# Centrifugal Force Reversal Near A Black Hole

My goal in this article is to derive a simple equation for the proper acceleration of an observer traveling on a circular path around a Schwarzschild black hole at some constant radius [itex]r > 2M[/itex]. (Note that this is not the same as being in a stable circular orbit about the hole; we allow for “orbits” that require nonzero rocket thrust to maintain, and we won’t look at stability under small perturbations since we’ll assume the orbit can be corrected, if needed, by rocket thrust.) This is, of course, a restricted answer since it doesn’t cover trajectories that change radius; but this simple, quick analysis will illustrate at least one way in which centrifugal force does “reverse” close to a black hole.

The simplest way to study the worldlines we’re interested in is to define a 4-velocity field for “orbiting observers”, in terms of the standard Schwarzschild coordinate chart for the exterior region outside the black hole’s horizon (as should be evident, we are working in units where ##G = c = 1##):

[tex]u^a = \frac{1}{\sqrt{1 – \frac{2M}{r}} \sqrt{1 – v^2}} \partial_t + \frac{v}{r \sqrt{1 – v^2}} \partial_{\phi}[/tex]

where [itex]M[/itex] is, of course, the mass of the hole, and [itex]v[/itex] is the tangential velocity of the observer (which we’ll assume is constant for any particular orbit), as measured in the local inertial frame of a “static” observer (i.e., one who is “hovering” at constant r with zero angular momentum about the hole).

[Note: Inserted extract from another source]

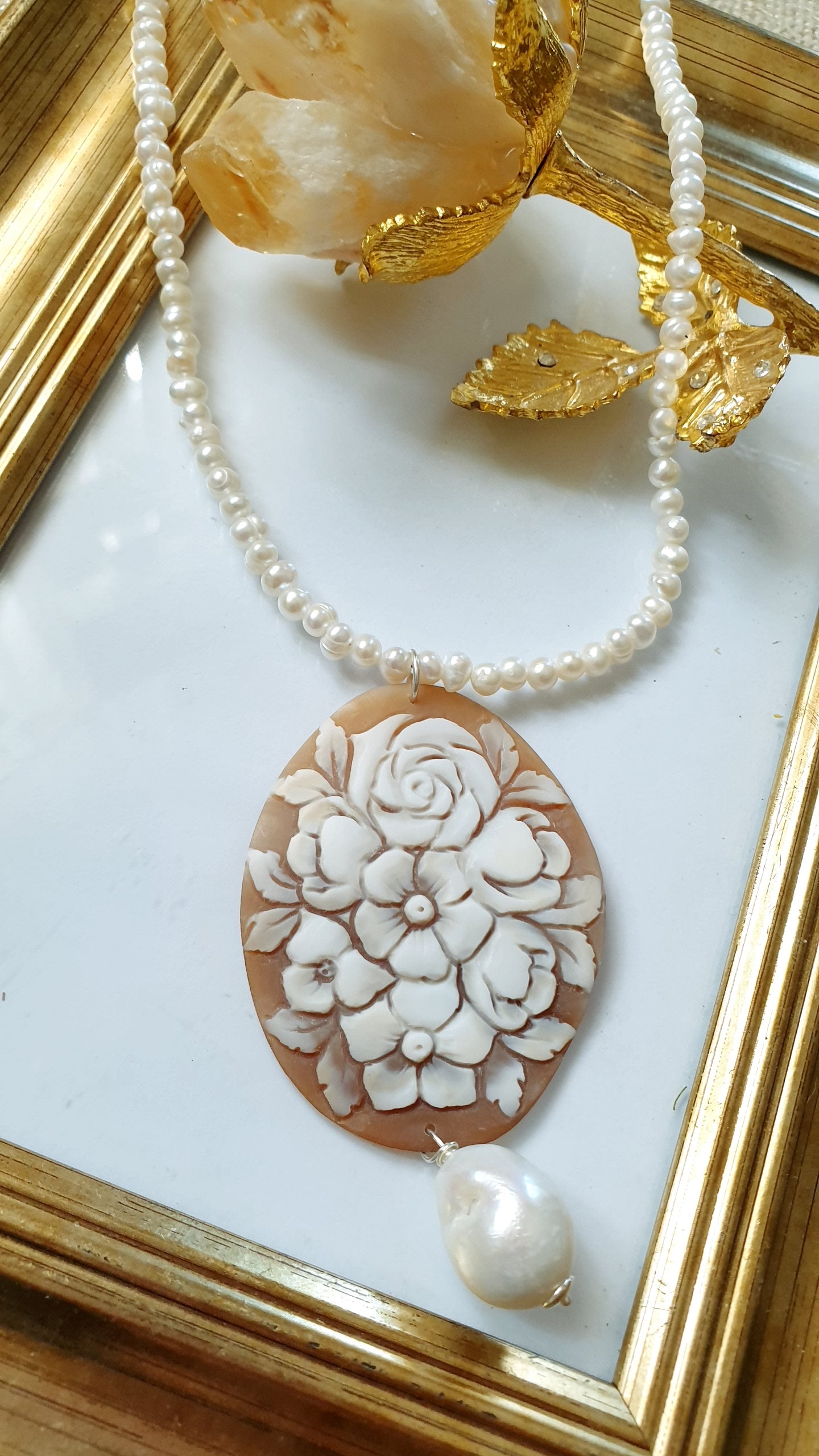Girocollo in argento e perle con cammeo originale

Note that we are assuming an equatorial “orbit”, so [itex]\theta = \pi / 2[/itex] and we can ignore factors of [itex]\sin \theta[/itex]. We can sanity check this by plugging in [itex]v = 0[/itex] and seeing that the resulting 4-velocity is indeed that of the static observer.

Now we simply compute the path curvature of this 4-velocity field; the 4-acceleration vector is:

[tex]a^a = u^b \nabla_b u^a = u^b \partial_b u^a + u^b \Gamma^a{}_{bc} u^c[/tex]

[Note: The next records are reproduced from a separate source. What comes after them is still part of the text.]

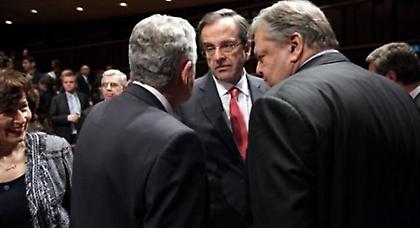 Πώς συμφώνησαν οι τρεις αρχηγοί σε απολύσεις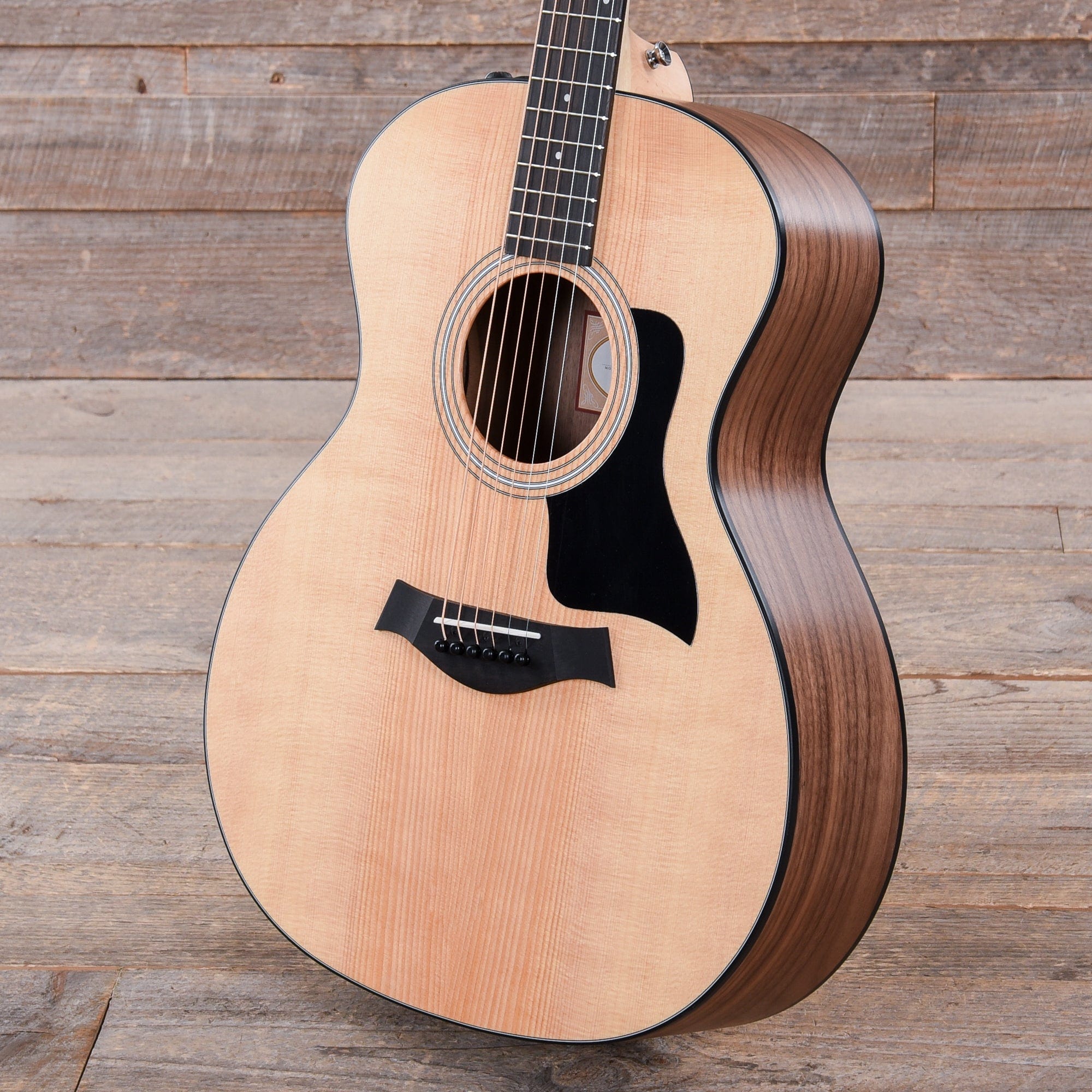 Taylor 114e Sitka/Walnut Grand Auditorium ES2 Acoustic Guitars / OM and Auditorium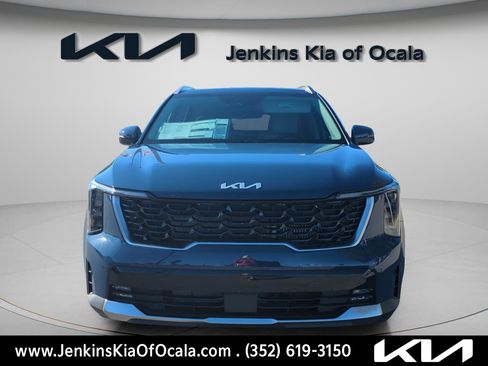 New 2026 Kia EV9 Wind image 8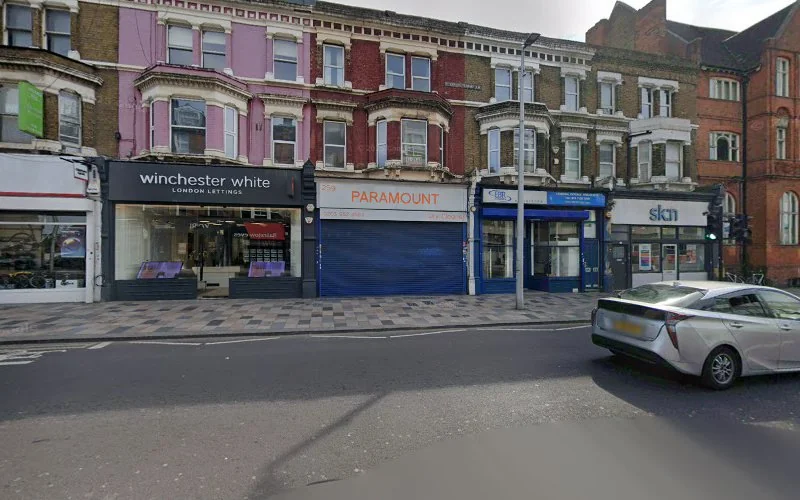 Melanie Tadaion - Dentist in London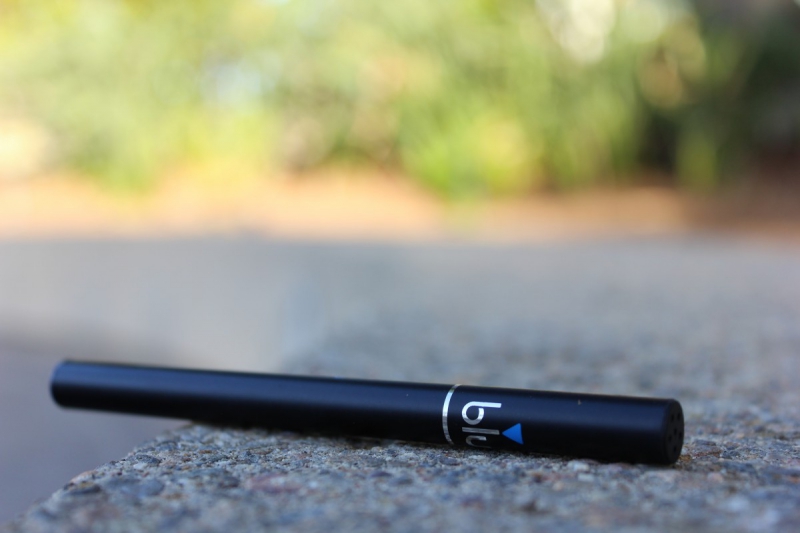magasin-BRIANCONNET-min_e_cigarette_vaping_blu_cigs_blu_electronic_cigarette_tobacco_cigarette_smoke-637061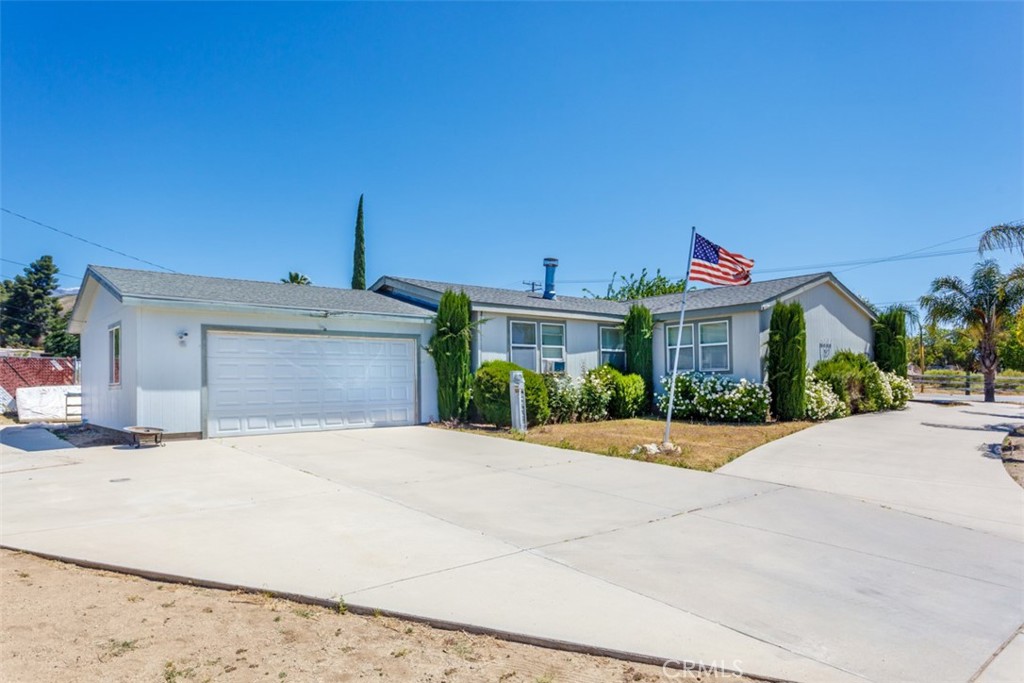 1225 N Alessandro St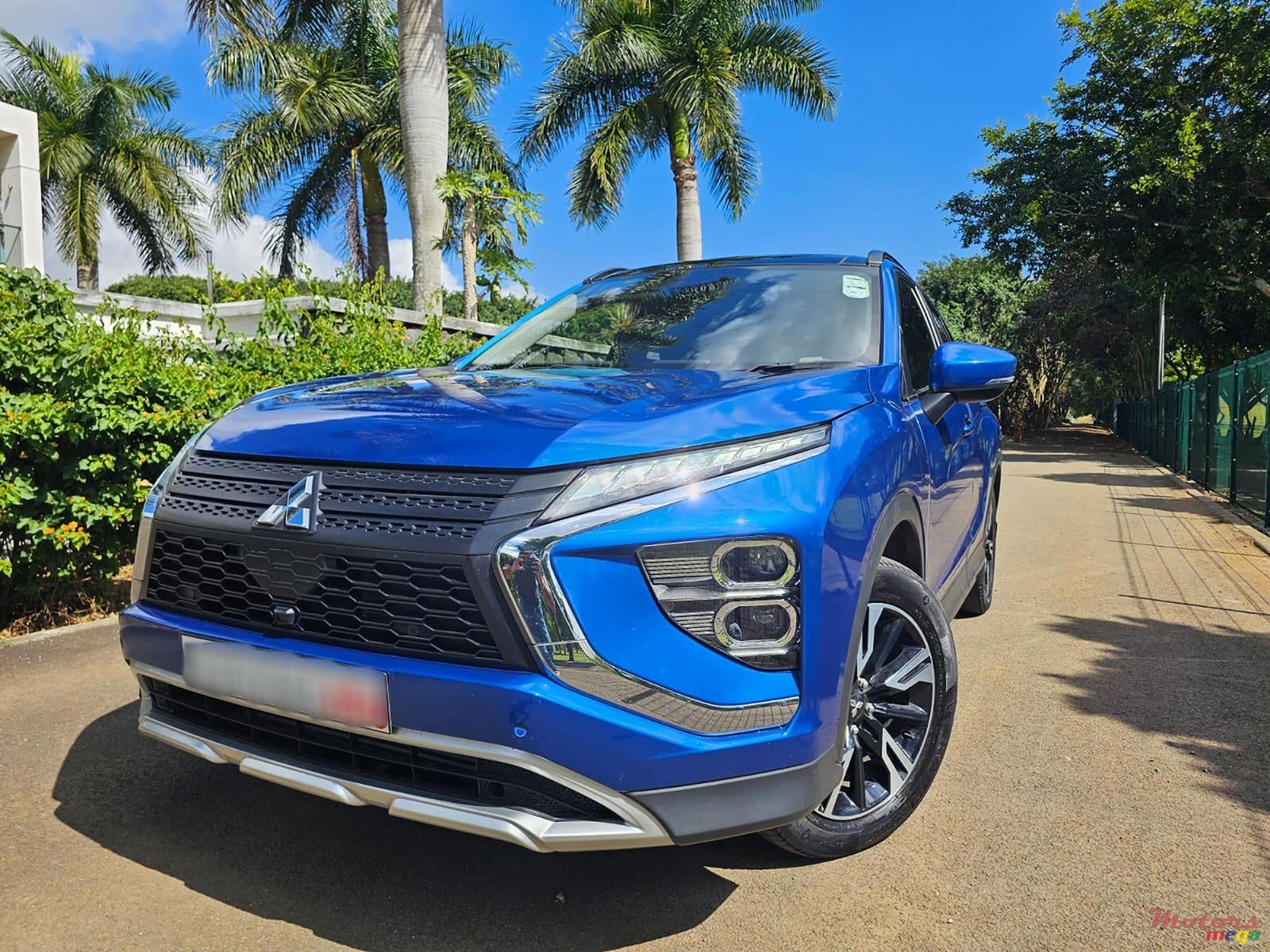 2023' Mitsubishi Eclipse 1.5T Intense photo #1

and the magnitude of the 4-vector, which is what will actually be measured by an accelerometer carried by the “orbiting observer”, is

[tex]a = \sqrt{g_{ab} a^a a^b}[/tex]

Expanding out the vector components, we find that only the r component is nonzero, so the magnitude of the 4-acceleration becomes:

[tex]a = \sqrt{g_{rr}} a^r = \sqrt{g_{rr}} \left( \Gamma^r{}_{tt} u^t u^t + \Gamma^r{}_{\phi \phi} u^{\phi} u^{\phi} \right)[/tex]

Substituting, we obtain

[tex]a = \sqrt{\frac{r}{r – 2M}} \left( \frac{M}{r^2 \left( 1 – v^2 \right)} + \frac{\left( 2M – r \right) v^2}{r^2 \left( 1 – v^2 \right)} \right)[/tex]

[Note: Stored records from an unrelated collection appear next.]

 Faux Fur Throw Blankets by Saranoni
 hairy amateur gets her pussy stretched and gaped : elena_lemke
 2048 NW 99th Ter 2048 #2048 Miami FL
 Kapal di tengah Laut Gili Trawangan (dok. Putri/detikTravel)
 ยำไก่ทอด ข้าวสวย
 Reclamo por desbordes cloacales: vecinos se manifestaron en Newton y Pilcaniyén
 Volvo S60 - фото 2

We can refactor this into a form that will make the physical interpretation easier:

[tex]a = \frac{M}{r^2 \sqrt{1 – \frac{2M}{r}}} \left[ \frac{1 – \left( \frac{r}{M} – 2 \right) v^2}{1 – v^2} \right][/tex]

Now we can see what’s going on here. If we again take [itex]v = 0[/itex], we recover the standard formula for the proper acceleration of a “hovering” observer, as we should (another sanity check). For nonzero [itex]v[/itex], we can see that there are three regimes that have different physical behavior:

**r > 3M**

In this regime, for small [itex]v[/itex], [itex]a[/itex] is positive; that is, an observer “orbiting” at low speed will need outward rocket thrust to maintain a constant altitude. As [itex]v[/itex] increases, the thrust required decreases, until a point is reached where the thrust goes to zero. Obviously, this corresponds to a free-fall orbit, and the free-fall orbital velocity is given by:

[tex]v_{orbit} = \sqrt{\frac{1}{\frac{r}{M} – 2}}[/tex]

As one more sanity check, we note that for large r, we can neglect the 2 under the square root and we get [itex]v_{orbit} = \sqrt{M / r}[/itex], the standard Newtonian result (or [itex]v = \sqrt{GM / r}[/itex] in conventional units).

For [itex]v[/itex] larger than the orbital velocity, [itex]a[/itex] is negative; that is, we now require *inward* rocket thrust to maintain altitude. (I believe this is called a “forced orbit” in astronautics.) The inward rocket thrust required goes to infinity as [itex]v[/itex] goes to 1 (i.e., as tangential speed approaches the speed of light).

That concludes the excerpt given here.